My opinion is for the Mac.

A better option would be to spring for the Mac "professional" series. Probably about $50 more, but you get the full forged blade, a better handle, and a better all around knife. This knife is on sale at Amazon right now for $120... Just a thought...night wanna jump on that.


----------



## richjonesy (Jun 12, 2017)

Thanks for that, I am leaning towards the Mac, I have a couple of Dicks already and know what you mean, they're good at what they do but don't set the world alight. Not that I can fault them.

This is the one I was going Togo for, being in the U.K. My options seem limited, unless I pay a fortune in shipping and tax, I'm presuming this is the stamped blade and not the forged one?
http://www.chefs.net/prodpage.asp?productid=151


----------



## someday (Aug 15, 2003)

That is a stamped blade, yes. Not anything wrong with that, just know what you are getting. I didn't realize you were in the UK, kind of stinks that you can't take advantage of the Amazon deal. 

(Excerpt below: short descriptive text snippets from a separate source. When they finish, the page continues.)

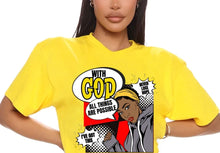 Load image into Gallery viewer, DTF TRANSFERS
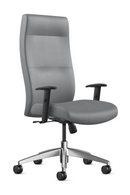 9 to 5 Chair Product Picture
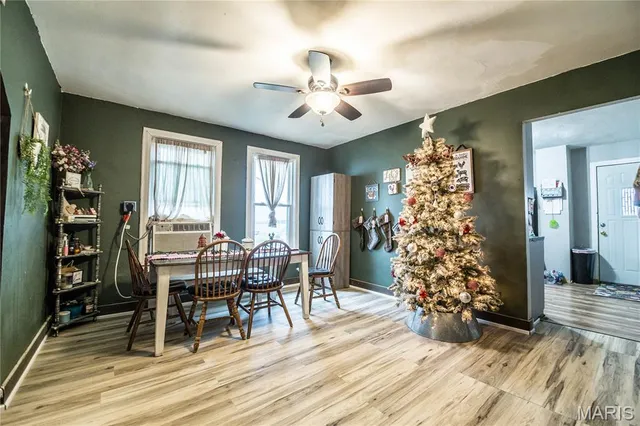 $79,900 | 6928 State Highway, Broseley, MO 63932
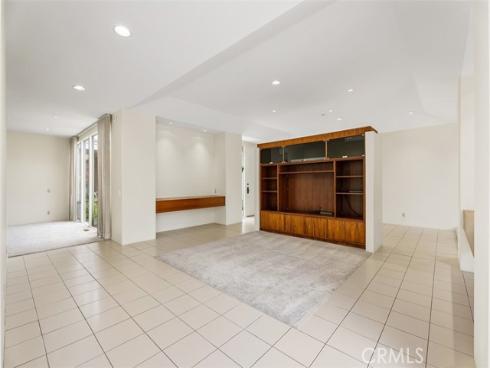 233 Calle Campesino , San Clemente, CA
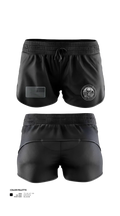 STREET CRIMES 66596550 Ranger Panties - 110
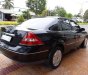 Ford Mondeo 2.0AT 2005 - Chính chủ bán Ford Mondeo 2.0AT năm 2005, màu đen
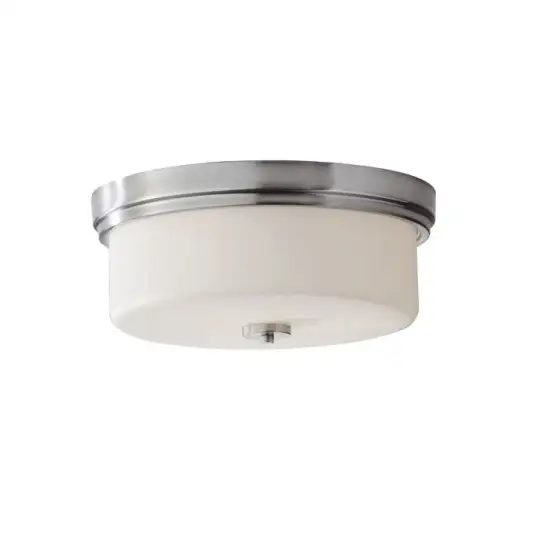 Modern Simple Ceiling Lights for Bedroom, Living Room, and More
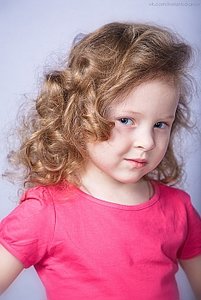 8B3DF71A039F-30.jpg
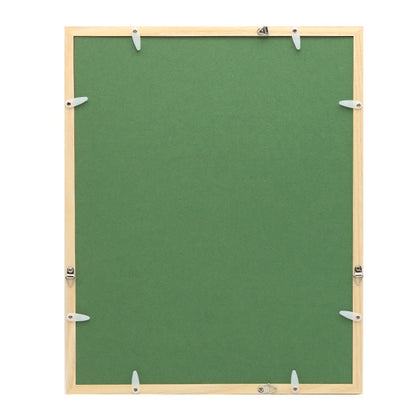 Экспертная сумма "деревянная рама Shiraki W-58" Olympus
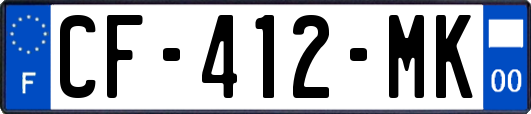 CF-412-MK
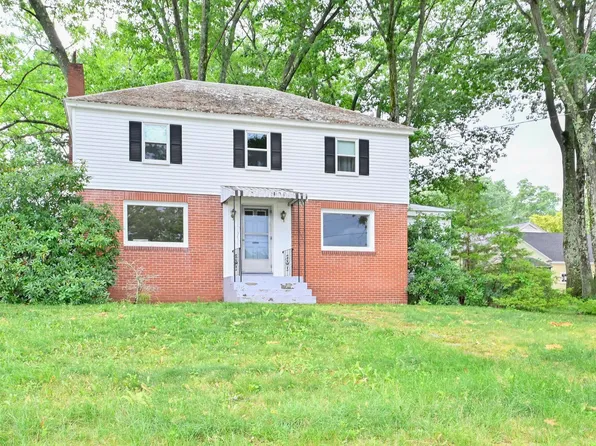 255 North Street, Manchester, NH 03104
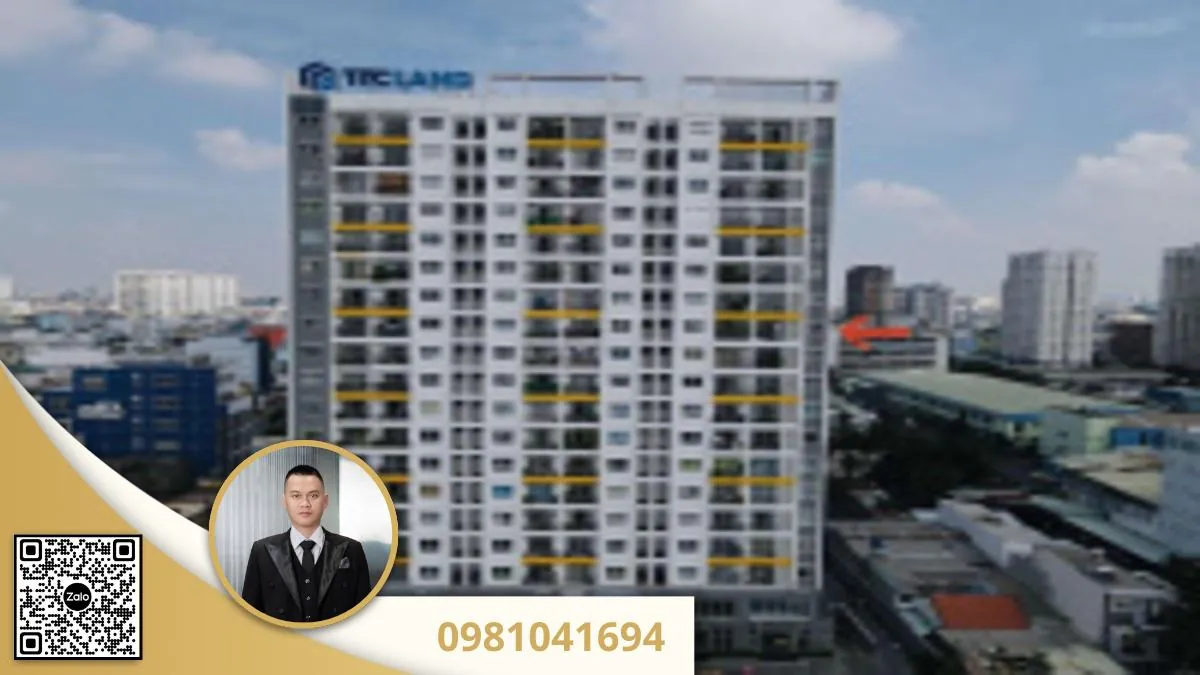 Cho thue can ho chung cu carillon 5 3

I think you'll like the knife, definitely a step up in sharpness and ease of use (IMO) from an F.Dick. Again, it is certainly not the "best" knife in the world, but for less than $100 (or pounds) it's a good choice.


----------



## richjonesy (Jun 12, 2017)

Thanks for the insight! 
My next dilemma is do I go for the 8 or 10 inch blade. I was going to get the 8 inch but after some thought think I will go for the 10 because I don't want to regret not buying the bigger blade. 
I have in my roll a 7 inch Wusthof Santoku knife so don't see the point now in the 8 inch. This is priced over here at about £150. That is the top end of my budget for the moment, would you have any other recommendations I mate not have considered before I take the plunge?


----------



## sweetrub (Jun 27, 2017)

Might I suggest, if you are spending around $100 on a new blade, really upgrading your kit and going for a Japanese knife. Check this link out and I guarantee you can find smething that suits you well but, offers much more value. https://japanesechefsknife.com/coll...oducts/jck-natures-gekko-series-santoku-190mm


----------



## richjonesy (Jun 12, 2017)

Update. Plumped for the Mac 8" knife in the end. Decided on more manoeuvrability and thenolave I'm at has about 8 Victorinox 10" blades knocking round. All looked after to be fair and for the bigger jobs they're ok. 
The Mac though. Wow. Want more of them now. Haven't sharpened it yet only had it 2 days but the weight, the balance, the cut, all spot on for me. 

Thinking about a Mac original paring knife but struggling to track one down in il. Might email Mac themselves. I seem to have lost more paring knifes than, well, something I loose a lot of!!

The Mac knife though, I highly
Recommend! So far.


----------